News reports of horrendous crimes committed by teenagers have shocked the public. Years ago bad boys were guilty of little more than petty theft and disturbing the public. Now the criminal repertoire includes serious assault and murder.

It was once generally agreed that youthful offenders would be prosecuted in juvenile court. In 1974 the U.S. Congress passed the Juvenile Justice and Delinquency Prevention Act to encourage the states to do so. An amendment in 1980 made it unlawful, except under special circumstances, to incarcerate a youthful offender in an adult facility.

Nonetheless, prosecutors have found ways to circumvent those restrictions.

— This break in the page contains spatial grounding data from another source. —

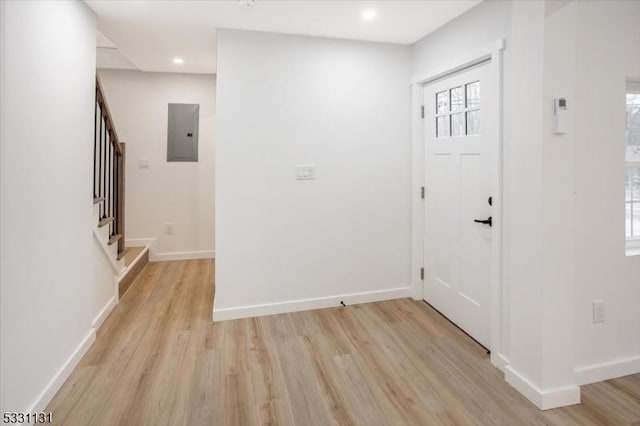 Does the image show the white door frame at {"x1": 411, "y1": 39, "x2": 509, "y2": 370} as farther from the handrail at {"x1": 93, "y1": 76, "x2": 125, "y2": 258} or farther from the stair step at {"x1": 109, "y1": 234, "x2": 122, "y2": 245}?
the stair step at {"x1": 109, "y1": 234, "x2": 122, "y2": 245}

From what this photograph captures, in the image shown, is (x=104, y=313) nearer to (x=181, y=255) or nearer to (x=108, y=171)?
(x=108, y=171)

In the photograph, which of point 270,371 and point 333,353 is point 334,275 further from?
point 270,371

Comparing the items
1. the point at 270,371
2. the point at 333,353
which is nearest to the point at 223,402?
the point at 270,371

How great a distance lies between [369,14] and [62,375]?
310 centimetres

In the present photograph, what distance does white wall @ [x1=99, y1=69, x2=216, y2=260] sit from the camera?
4816 millimetres

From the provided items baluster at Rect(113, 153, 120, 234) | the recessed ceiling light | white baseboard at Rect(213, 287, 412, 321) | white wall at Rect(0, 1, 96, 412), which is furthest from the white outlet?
baluster at Rect(113, 153, 120, 234)

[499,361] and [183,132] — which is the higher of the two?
[183,132]

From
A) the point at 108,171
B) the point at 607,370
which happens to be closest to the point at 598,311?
the point at 607,370

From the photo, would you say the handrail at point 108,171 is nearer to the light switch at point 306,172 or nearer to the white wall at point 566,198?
the light switch at point 306,172

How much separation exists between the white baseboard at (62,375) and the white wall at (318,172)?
95cm

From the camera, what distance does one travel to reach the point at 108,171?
361 cm

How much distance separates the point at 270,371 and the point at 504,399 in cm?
137

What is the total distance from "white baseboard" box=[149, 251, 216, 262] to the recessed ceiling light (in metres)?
3.51

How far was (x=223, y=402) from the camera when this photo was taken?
6.72 ft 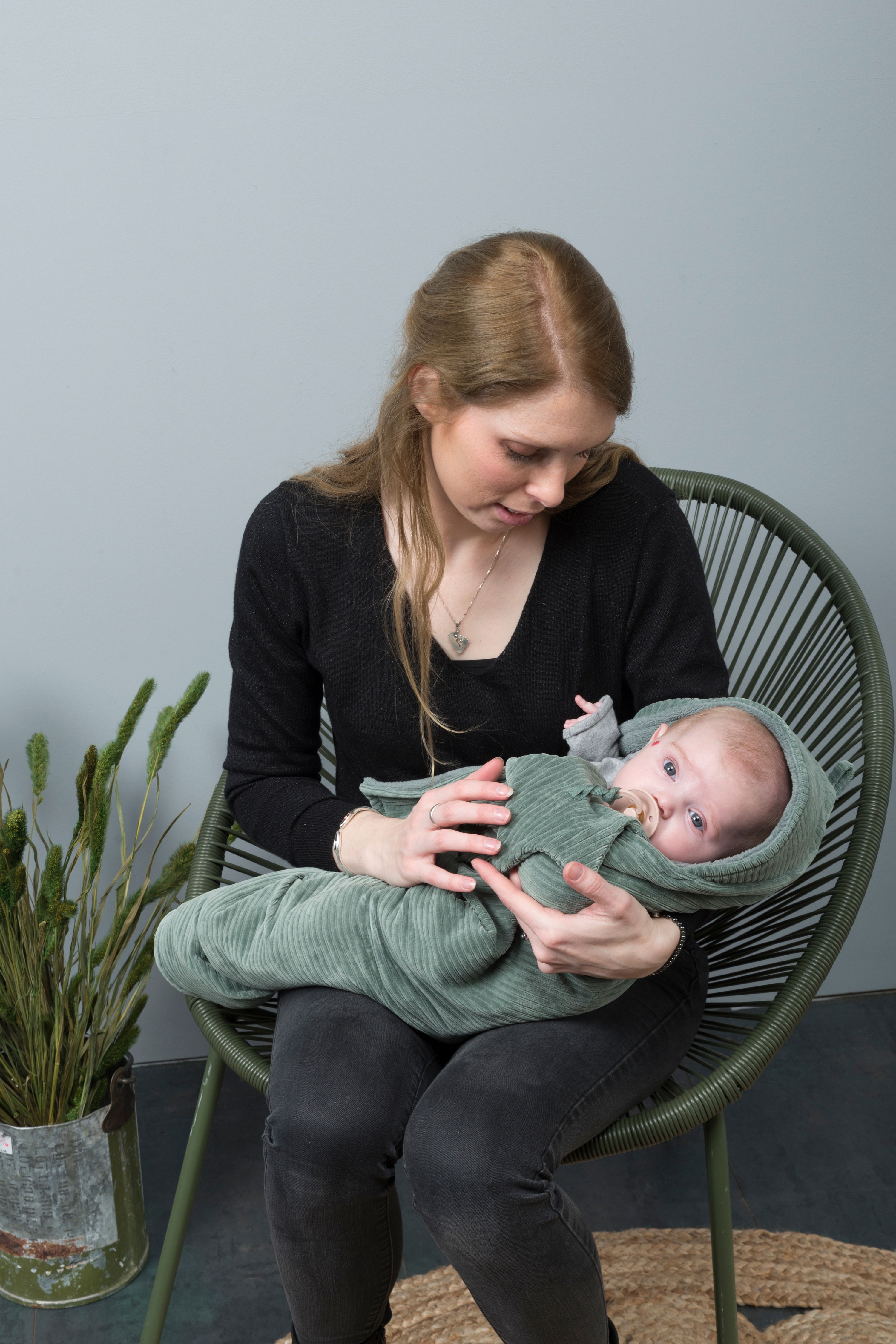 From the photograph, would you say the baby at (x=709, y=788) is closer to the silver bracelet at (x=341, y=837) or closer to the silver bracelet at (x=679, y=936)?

According to reports there has been a 208 percent increase since the 1990s of youth offenders being held in adult facilities. There was an effort in the U.S. Senate in 2009 to close the loopholes in the law but the U.S. House has not acted on the issue.

People were satisfied that violent youthful criminals should be subjected to the harsher conditions of the adult prison system. Little did they realize that thousands of non-violent young offenders were also being confined with adults.

The Campaign for Youth Justice (CYJ), a Washington, D.C. group to advocate for youthful offenders, has studied the data and found that “tens of thousands of young people end up in the adult system for non-violent offenses.” For example, they found that “the vast majority” of the 8,000 young people in Connecticut’s adult criminal system have been arrested for non-violent offenses.

Another major problem is that youth arrested for non-violent crimes are often held in jails with adult offenders even before they are convicted. These are decisions not even made by a judge to determine whether such incarceration is appropriate or even lawful.

According to the CYJ studies, “youth in adult prisons are at risk of abuse, sexual assault, suicide and death …” Studies also indicate that the incarceration of youth in adult prisons does not promote public safety. There is no evidence that such imprisonment reduces the rate of recidivism.

A provision of the Juvenile Justice and Delinquency Prevention Act proscribed disproportionate minority confinement. Nonetheless the CYJ found that in some states minority youth were disproportionately prosecuted as adults. In Illinois only a third of the youth population are minority, but in some jurisdictions they represented 90 percent of the youth in the adult system. As one might expect, the data from southern states is equally disturbing.

Common sense would indicate that adult prisons can function as a graduate school for felons. It is not the place for youthful offenders who are capable of being rehabilitated. The CYJ proposes that states spend more effort and resources on improving the quality of the juvenile justice system.

The public must be protected from pathologically violent felons of whatever age. But the criminal justice system must be attuned to rehabilitating those still of tender years. The confinement of youthful offenders in adult prisons could violate the constitutional prohibition against “cruel and unusual punishment.”